Records for processing
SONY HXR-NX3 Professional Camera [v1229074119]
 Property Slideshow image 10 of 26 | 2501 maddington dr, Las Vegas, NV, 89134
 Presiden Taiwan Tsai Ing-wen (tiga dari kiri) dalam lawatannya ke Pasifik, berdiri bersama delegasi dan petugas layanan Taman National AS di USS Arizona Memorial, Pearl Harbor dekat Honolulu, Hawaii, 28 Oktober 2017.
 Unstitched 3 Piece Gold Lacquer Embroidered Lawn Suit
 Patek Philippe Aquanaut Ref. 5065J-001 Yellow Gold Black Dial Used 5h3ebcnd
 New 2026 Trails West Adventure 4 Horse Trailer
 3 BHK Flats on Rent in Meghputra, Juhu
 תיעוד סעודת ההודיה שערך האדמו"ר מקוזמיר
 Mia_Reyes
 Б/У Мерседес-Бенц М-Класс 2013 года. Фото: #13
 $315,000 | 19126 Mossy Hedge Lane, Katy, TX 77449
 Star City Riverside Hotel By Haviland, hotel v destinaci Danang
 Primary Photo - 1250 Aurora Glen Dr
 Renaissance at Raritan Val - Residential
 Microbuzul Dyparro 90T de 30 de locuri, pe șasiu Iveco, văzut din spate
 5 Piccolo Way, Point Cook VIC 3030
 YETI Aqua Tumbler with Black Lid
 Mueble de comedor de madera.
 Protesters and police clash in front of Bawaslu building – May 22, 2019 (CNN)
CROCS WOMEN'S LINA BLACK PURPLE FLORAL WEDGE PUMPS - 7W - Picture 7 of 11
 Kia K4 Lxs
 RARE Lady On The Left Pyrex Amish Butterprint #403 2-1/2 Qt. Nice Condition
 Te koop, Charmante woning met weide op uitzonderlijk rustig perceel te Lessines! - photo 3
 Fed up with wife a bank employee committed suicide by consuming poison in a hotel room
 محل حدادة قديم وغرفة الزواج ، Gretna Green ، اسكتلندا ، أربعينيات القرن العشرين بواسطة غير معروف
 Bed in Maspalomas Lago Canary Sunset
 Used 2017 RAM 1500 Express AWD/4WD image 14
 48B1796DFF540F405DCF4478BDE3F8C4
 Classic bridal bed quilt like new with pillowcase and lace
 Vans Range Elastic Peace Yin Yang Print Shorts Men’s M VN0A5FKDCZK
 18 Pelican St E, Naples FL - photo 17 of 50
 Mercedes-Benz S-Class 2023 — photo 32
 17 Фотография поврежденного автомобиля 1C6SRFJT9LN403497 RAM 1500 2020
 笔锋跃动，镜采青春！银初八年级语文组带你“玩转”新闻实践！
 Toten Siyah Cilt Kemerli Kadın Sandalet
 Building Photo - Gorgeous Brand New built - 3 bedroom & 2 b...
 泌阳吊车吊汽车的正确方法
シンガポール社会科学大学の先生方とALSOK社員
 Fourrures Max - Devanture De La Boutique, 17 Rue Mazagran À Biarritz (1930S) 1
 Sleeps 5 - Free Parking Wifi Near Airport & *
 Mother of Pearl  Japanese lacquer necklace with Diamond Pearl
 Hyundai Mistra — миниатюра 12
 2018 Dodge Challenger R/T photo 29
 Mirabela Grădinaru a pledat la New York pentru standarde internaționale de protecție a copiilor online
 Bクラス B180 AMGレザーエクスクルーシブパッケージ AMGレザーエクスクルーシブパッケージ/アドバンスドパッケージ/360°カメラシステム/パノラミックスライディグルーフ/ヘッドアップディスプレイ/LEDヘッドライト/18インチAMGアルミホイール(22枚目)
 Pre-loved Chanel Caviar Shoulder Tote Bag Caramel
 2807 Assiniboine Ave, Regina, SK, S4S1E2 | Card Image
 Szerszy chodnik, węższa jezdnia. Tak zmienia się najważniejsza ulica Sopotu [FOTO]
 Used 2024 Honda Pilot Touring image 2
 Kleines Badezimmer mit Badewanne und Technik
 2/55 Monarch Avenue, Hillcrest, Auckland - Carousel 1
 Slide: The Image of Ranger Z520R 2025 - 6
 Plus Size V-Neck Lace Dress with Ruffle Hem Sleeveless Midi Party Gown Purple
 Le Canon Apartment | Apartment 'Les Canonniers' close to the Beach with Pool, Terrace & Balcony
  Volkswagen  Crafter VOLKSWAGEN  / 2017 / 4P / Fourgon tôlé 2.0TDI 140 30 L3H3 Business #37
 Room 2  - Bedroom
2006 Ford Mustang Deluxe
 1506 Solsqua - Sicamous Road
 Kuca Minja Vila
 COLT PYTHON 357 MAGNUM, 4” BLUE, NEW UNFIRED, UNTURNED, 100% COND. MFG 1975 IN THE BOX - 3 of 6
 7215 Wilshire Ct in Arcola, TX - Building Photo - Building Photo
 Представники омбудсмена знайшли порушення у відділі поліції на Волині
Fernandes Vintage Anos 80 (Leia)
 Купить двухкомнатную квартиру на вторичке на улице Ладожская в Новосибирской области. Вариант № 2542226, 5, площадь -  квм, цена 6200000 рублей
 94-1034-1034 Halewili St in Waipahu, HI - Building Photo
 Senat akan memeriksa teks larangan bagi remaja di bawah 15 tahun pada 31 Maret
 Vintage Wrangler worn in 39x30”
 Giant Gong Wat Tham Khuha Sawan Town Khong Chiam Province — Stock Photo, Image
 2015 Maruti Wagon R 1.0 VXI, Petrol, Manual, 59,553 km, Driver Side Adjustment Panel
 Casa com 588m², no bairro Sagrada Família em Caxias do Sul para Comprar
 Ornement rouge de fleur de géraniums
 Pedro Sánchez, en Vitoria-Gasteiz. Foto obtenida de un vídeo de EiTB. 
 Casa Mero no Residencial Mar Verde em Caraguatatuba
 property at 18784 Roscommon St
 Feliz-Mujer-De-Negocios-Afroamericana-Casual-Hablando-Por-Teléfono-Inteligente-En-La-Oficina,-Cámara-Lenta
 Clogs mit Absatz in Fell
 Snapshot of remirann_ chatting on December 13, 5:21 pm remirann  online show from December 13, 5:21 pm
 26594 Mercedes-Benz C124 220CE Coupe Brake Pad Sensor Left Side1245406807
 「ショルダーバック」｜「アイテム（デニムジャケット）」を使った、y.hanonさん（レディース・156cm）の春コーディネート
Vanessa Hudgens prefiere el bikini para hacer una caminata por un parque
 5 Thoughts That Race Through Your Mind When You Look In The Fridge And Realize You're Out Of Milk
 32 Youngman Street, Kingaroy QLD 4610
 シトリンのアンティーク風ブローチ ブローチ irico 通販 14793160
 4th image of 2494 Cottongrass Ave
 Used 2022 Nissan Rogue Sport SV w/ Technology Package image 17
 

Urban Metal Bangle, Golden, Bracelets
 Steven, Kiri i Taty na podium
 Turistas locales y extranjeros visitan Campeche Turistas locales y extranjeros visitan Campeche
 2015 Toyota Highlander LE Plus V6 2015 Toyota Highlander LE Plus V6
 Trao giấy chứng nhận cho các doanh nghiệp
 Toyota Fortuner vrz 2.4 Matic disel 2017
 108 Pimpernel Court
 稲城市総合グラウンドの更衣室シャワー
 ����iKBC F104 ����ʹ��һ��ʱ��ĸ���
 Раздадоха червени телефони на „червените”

Problem description
Reproduce the lines word for word, starting at the one holding "Steven, Kiri i Taty na podium" and ending at the final line of the material above.

Task solution
 Steven, Kiri i Taty na podium
 Turistas locales y extranjeros visitan Campeche Turistas locales y extranjeros visitan Campeche
 2015 Toyota Highlander LE Plus V6 2015 Toyota Highlander LE Plus V6
 Trao giấy chứng nhận cho các doanh nghiệp
 Toyota Fortuner vrz 2.4 Matic disel 2017
 108 Pimpernel Court
 稲城市総合グラウンドの更衣室シャワー
 ����iKBC F104 ����ʹ��һ��ʱ��ĸ���
 Раздадоха червени телефони на „червените”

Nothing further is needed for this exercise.